そういうことを考えていると、僕はすっかり無意味な不便さに侵された人間だと自覚するんですね。

 

あらゆる物事をスピーディーにやりたいという願望があって、今の時代、それにのっかった方がいい。

 

たとえば僕は今日、二人ならんでいる銀行のATMからお金をおろさなければいけないのに待つのがいやでスルーして、やみくもに目的地までなんとなーくで歩いて行って、近くにコンビニがあったので入ったんです。そしたらそれミニストップだったんですが、僕のメインバンクがみずほで、なんで銀行のATMでお金をおろそうとしたかというと手数料をとられるのがいやだったんですが、なんとミニストップはみずほと提携していて、ATM手数料がただだったんです。
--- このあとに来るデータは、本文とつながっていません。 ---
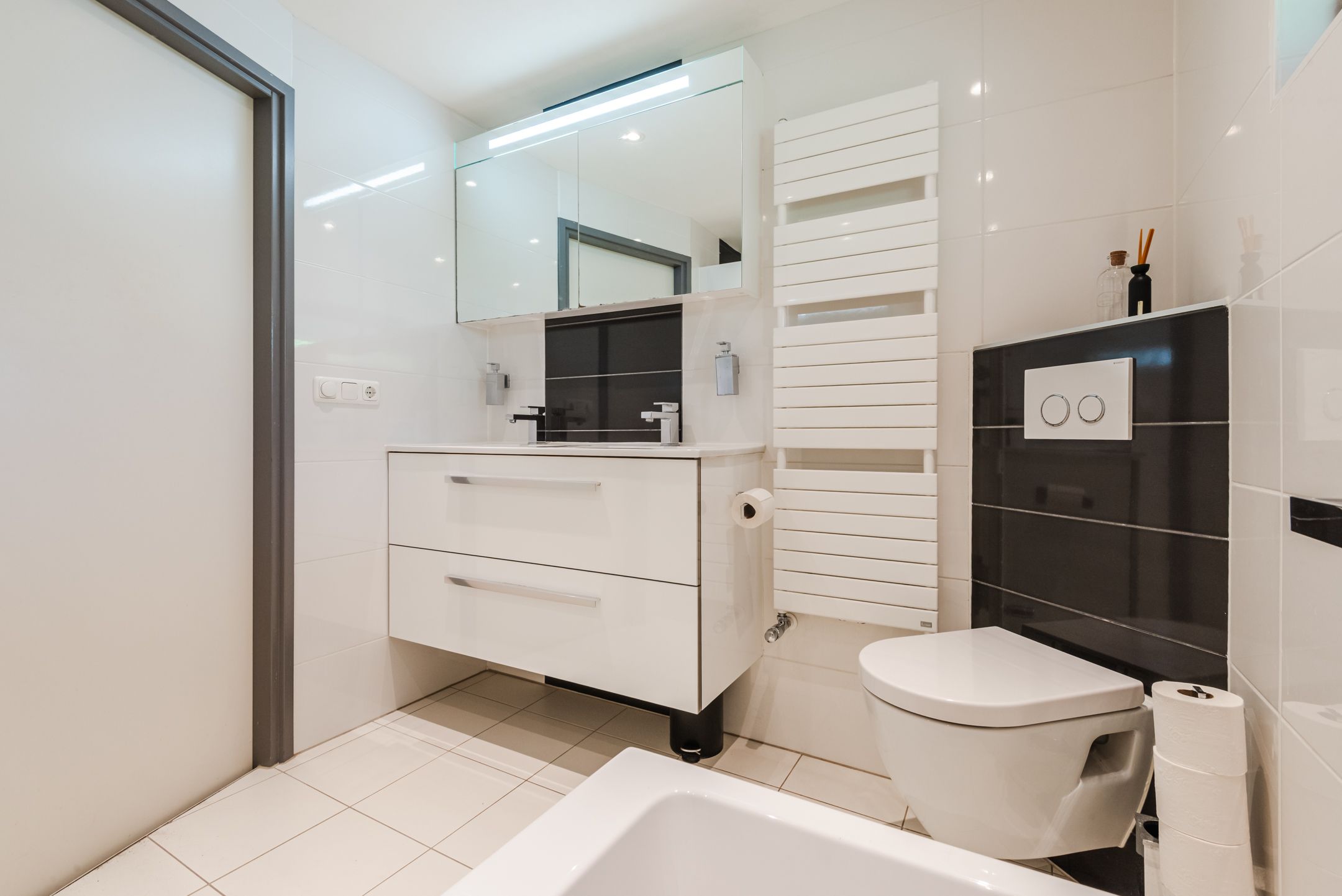 Spacious Detached Home with Private Practice Suite and Solar Power — 30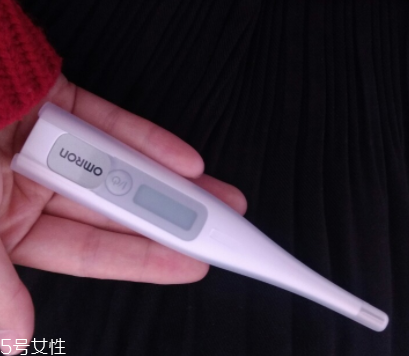 歐姆龍體溫計怎么換電池？歐姆龍體溫計沒電了怎么辦？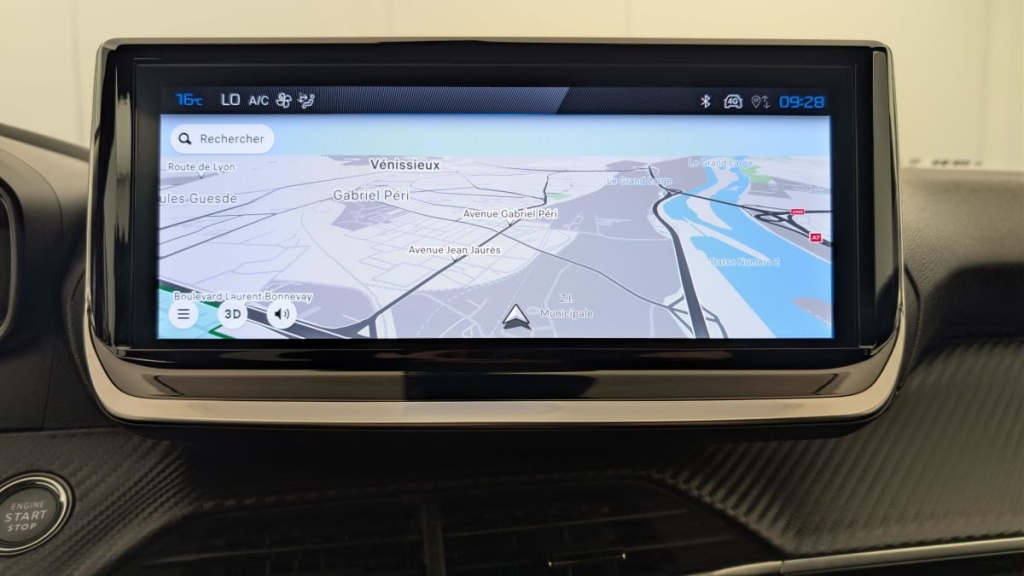 PEUGEOT 2008 Hybrid 136 e-DCS6 Allure - ref: 1-360718 - Photo 17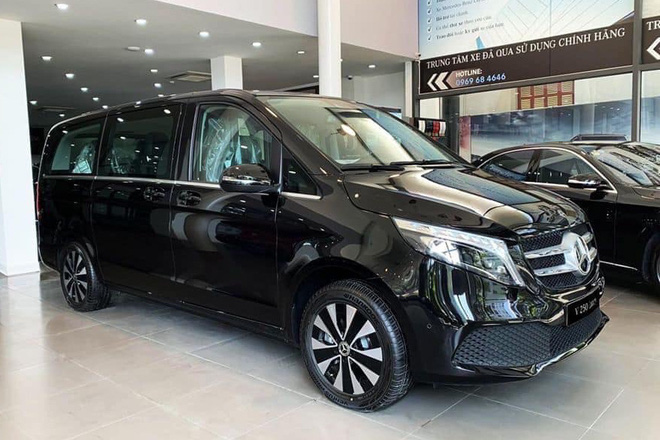 Mercedes-Benz V 250 AMG đầu tiên về Việt Nam: Ngoại hình thể thao, nội thất sang chảnh, giá thấp hơn gần tỷ đồng so với Toyota Alphard - 6 Mercedes-Benz V 250 AMG đầu tiên về Việt Nam: Ngoại hình thể thao, nội thất sang chảnh, giá thấp hơn gần tỷ đồng so với Toyota Alphard - 6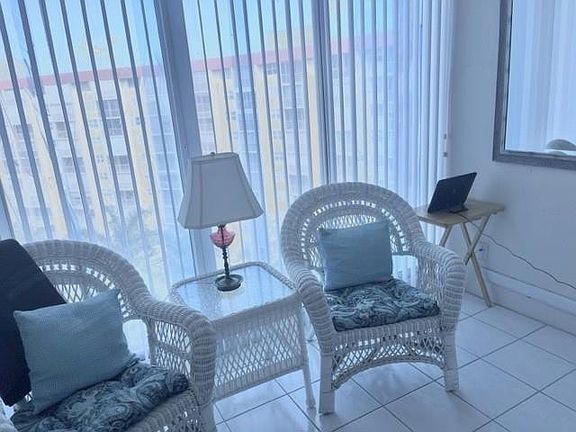 4th image of 2731 NE 14th Street Causeway #904A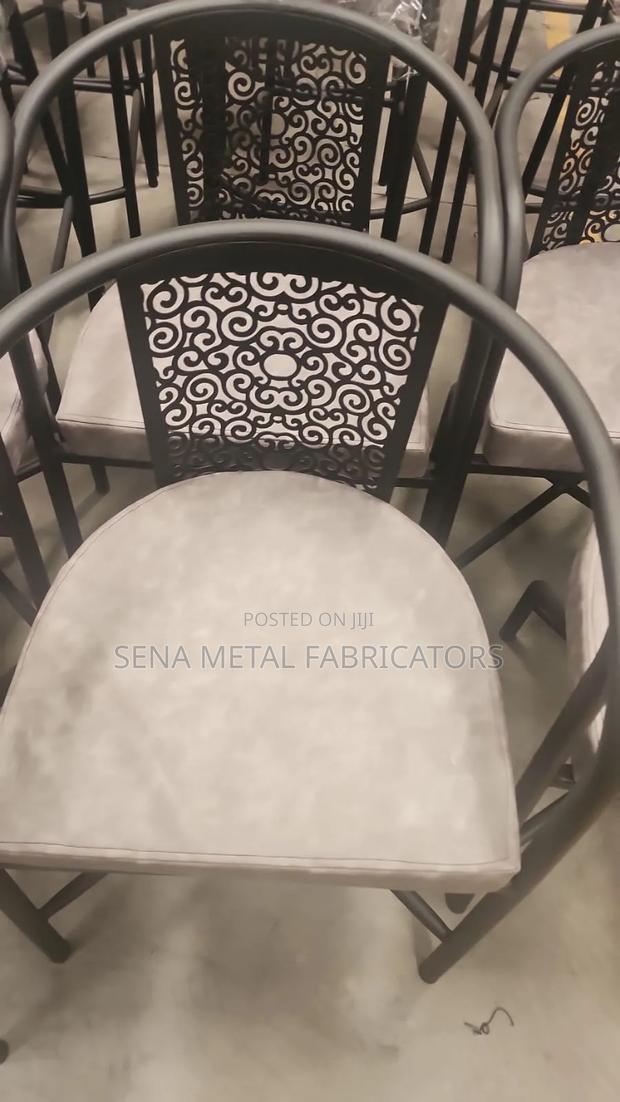 Metal Armchairs Are Designed With Unique Patterns. - thumbnail 2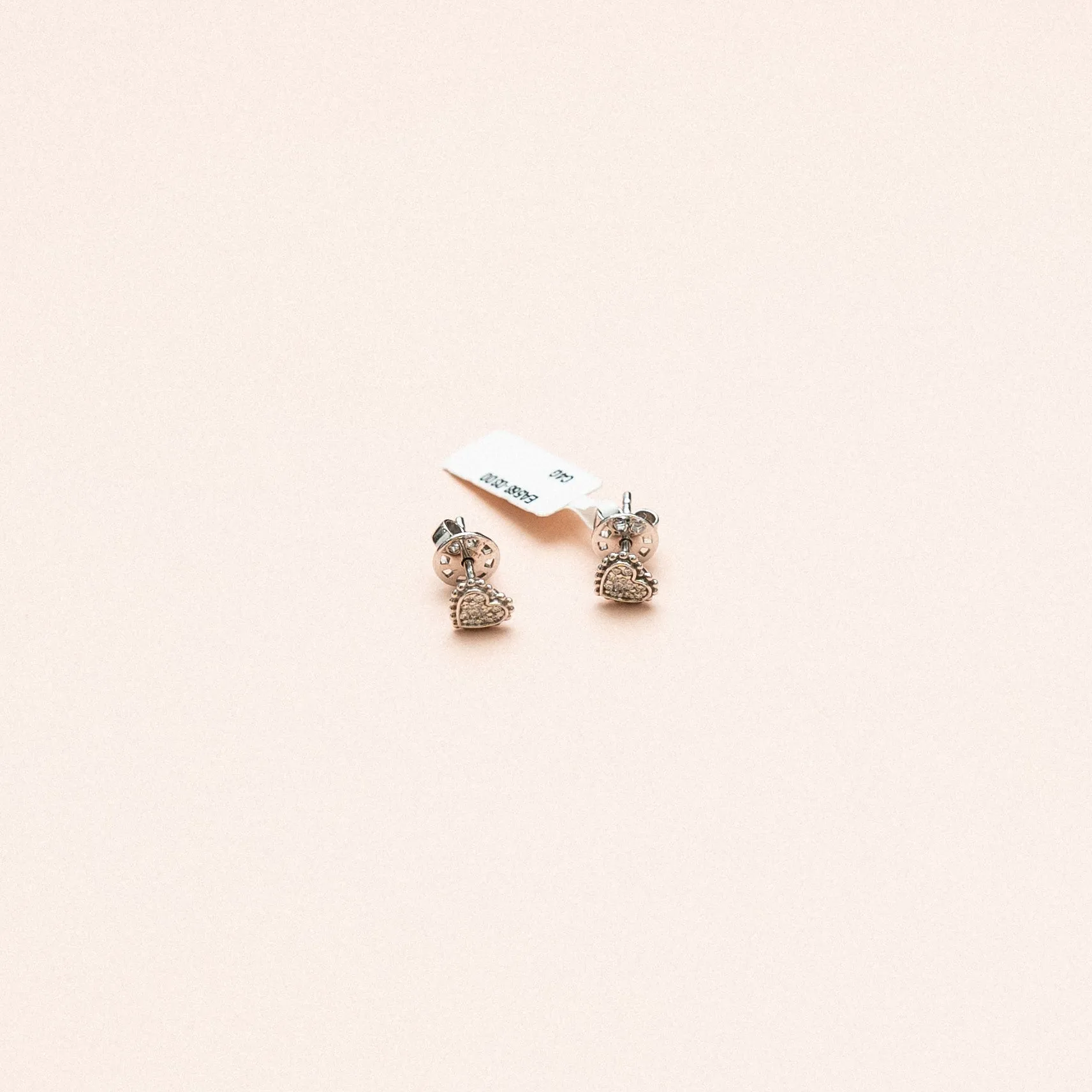 14K White Gold Diamond Heart Stud Earrings 0.12Ct / 2.1gr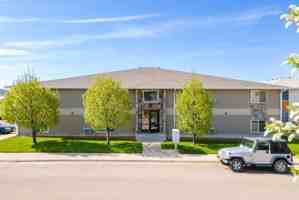 featured image of 2326 14th Ave S #3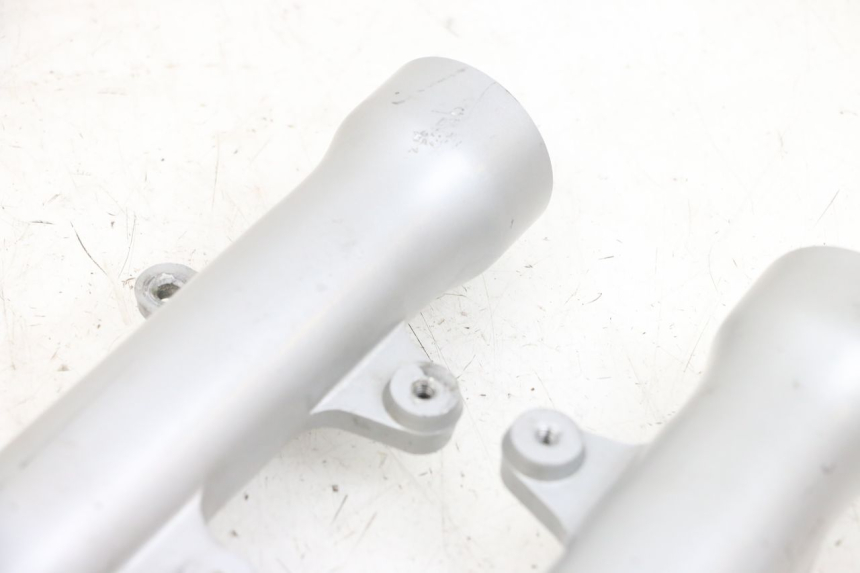 photo de BOTELLA HORQUILLA  DAELIM VJ ROADWIN FI 125 (2008 - 2017) - Marcados y referencias originales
僕はそれを知らなくて、いいこと知ったと幸せになりました。

 

これは一例でしかもあまりに例えが低次元ですが、高次元でも待つのをすっとばして目的地(この場合は人生の目的地までもふくめて)までひたむきに行動をした方が、代替の情報が入ることがあって、そうやって生きた方が幸せじゃないか。

 

でも僕は実はそこまで自分の行動を正当化はしないのです。

というのも多分、それは僕が待つのが嫌いなだけで、待つことがそんなに苦ではない人にとっては待つ人生も待たない人生も等価でしょうから。

 

ただ大方の人は待つのが嫌いだと思います。そしたら待つことによって等価になることはあっても、待って得することなど今の時代、何もないんじゃないかと思います。